The most recent escalation of US-China Tariffs has seen a commitment from China to raise tariffs on more than $60 billion worth of goods from the US. The results are already being felt. Most notably, in the US stock market. The Dow Jones Industrial Average has fallen more than 700 points since trading began Monday morning following the announcement that China’s latest round of tariffs will go into effect on June 1, 2019. Additionally, The S&P 500 dropped by 2.6 percent and the Nasdaq Composite fell 3.5 percent.
US-China Tariffs: A Brief Background
In December of last year, President Trump introduced tariffs on $200 billion in Chinese goods, which resulted in a slight slowdown in the Chinese Economy. With two of the world’ largest economies in an active trade war, fears around the world of a global economic downturn quickly spread. Fortunately, fears were abated by renewed talks between the two countries over the following months. However, the economic ceasefire would soon be put aside as President Trump instated a new round of heightened tariffs on Chinese imports.
US-China Tariffs: The latest Exchange
The Chinese commitment to raise prices on US-made goods followed President Trump’s commitment to increase tariffs on more than $200 billion worth of Chinese manufactured goods last week. That round of tariffs would include more than 5,700 goods subject to as high as a 25 percent tariff, up from the previous 10 percent. Experts believe that the latest US-China tariffs will only make things worse for both economies.
Trump’s duty increase on Chinese exports came following allegations that China had backtracked on its agreement reign in the alleged theft of intellectual property and pressures to hand over technology for companies manufacturing components in China. Trump has gone so far as to threaten an additional $325 billion worth of tariffs on other Chinese products.
After the most recent developments regarding US-China tariffs, Alec Young, managing director of global markets research at FTSE Russell in New York, stated in regard to investor activity, “With the ultimate trade outcome inherently uncertain and difficult to model or predict, investors are selling first and asking questions later. Investors are increasingly worried an anticipated second-half profit rebound may now evaporate as President Trump’s threat to tariff the remaining $325bn in Chinese imports would disproportionately target consumer products like iPhones, thereby posing a greater threat to the consumption-driven US economy.”

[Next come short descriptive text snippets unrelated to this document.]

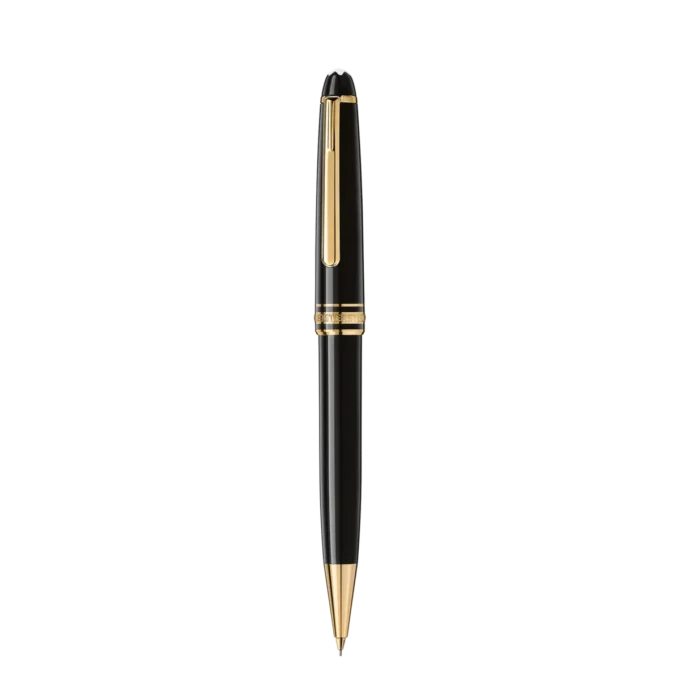 Meisterstück Goldbeschichteter Classique Druckbleistift, 0,7 mm Meisterstück Goldbeschichteter Classique Druckbleistift, 0,7 mm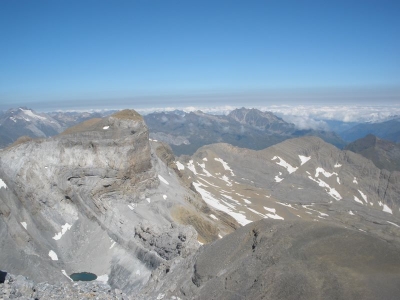 RB64-Mont Perdu par la Brèche de Roland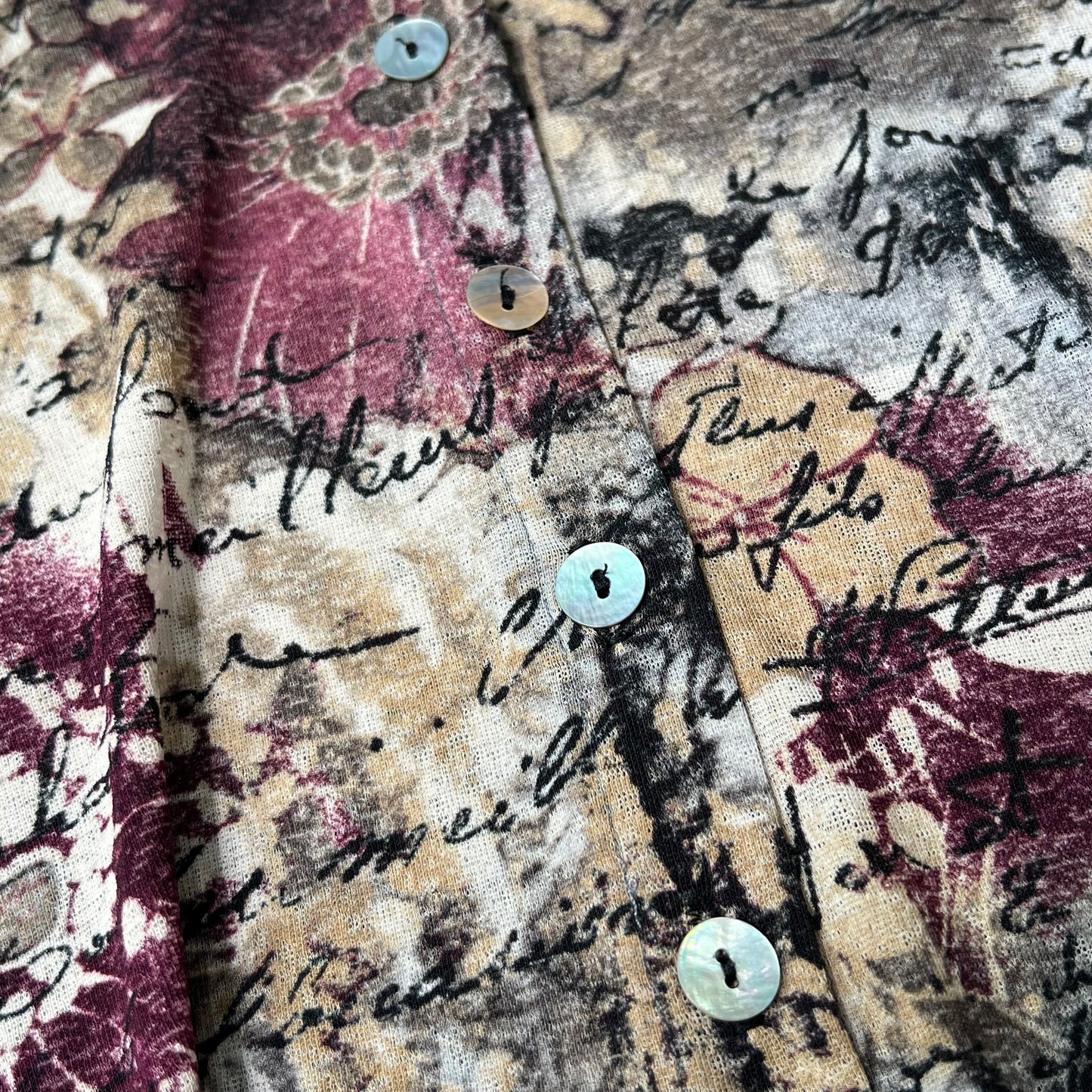 Vintage Design Shirt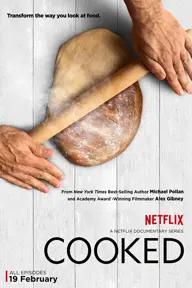 Movie poster of Cooked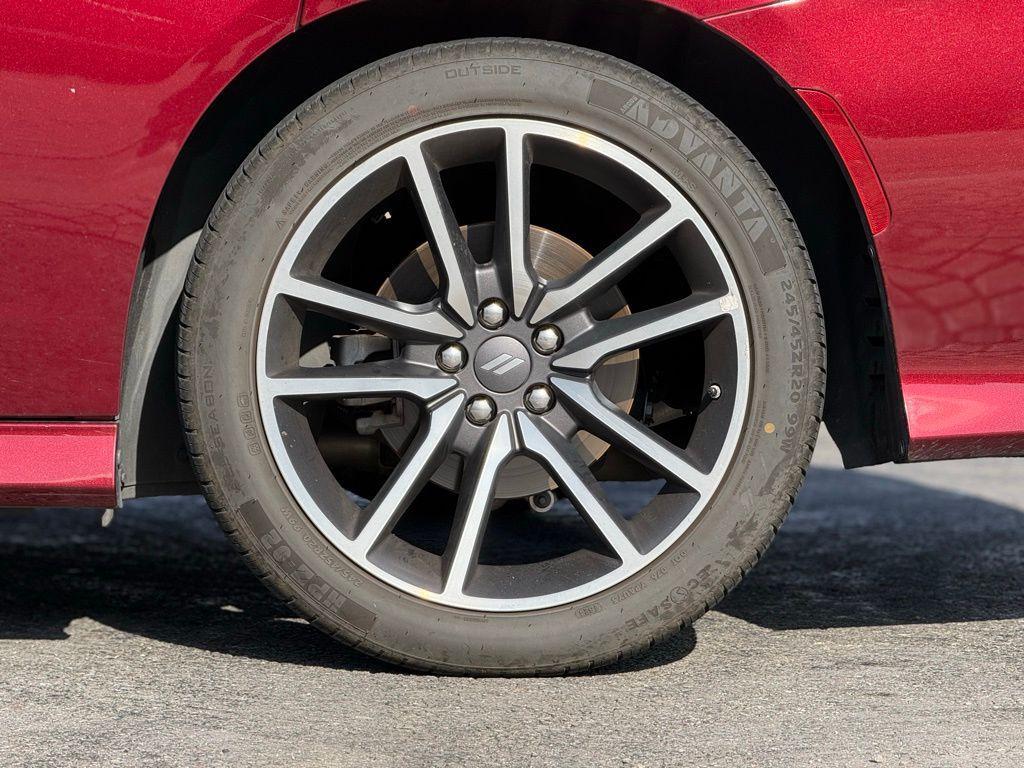 used 2023 Dodge Charger car, priced at $32,695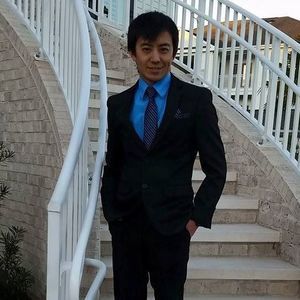 Meet your Posher, Andrew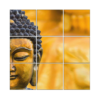 NISH! Buddha Wall Tiles #082 - Ceramic, Digital Poster Wall Tiles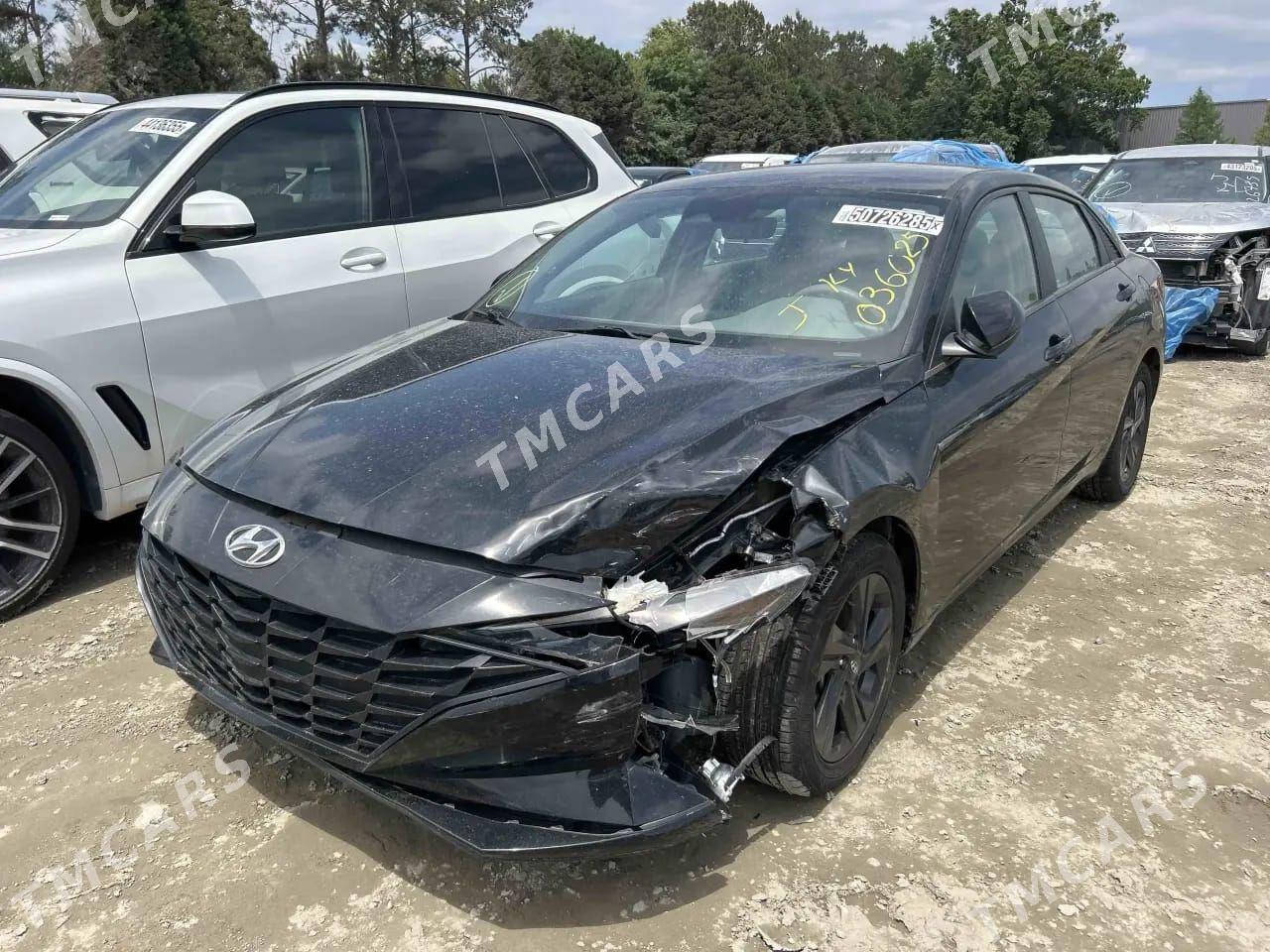 Hyundai Elantra 2021 - 220 000 TMT - Чоганлы - img 2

US-China Tariffs: Who’s Affected
There are industries across the board who are affected by the ongoing trade war, particularly those incorporating steel and aluminum into their manufacturing operations. Listen firsthand to 12 top executives explain how the trade war has already affected their bottom line as far back as late 2018.
It remains unclear just how the latest round of tariffs will affect small and medium-sized businesses, which cannot as readily absorb cost increases when compared to their larger, conglomerate counterparts. However, based on reports, many are less than optimistic in regard to the economic outlook.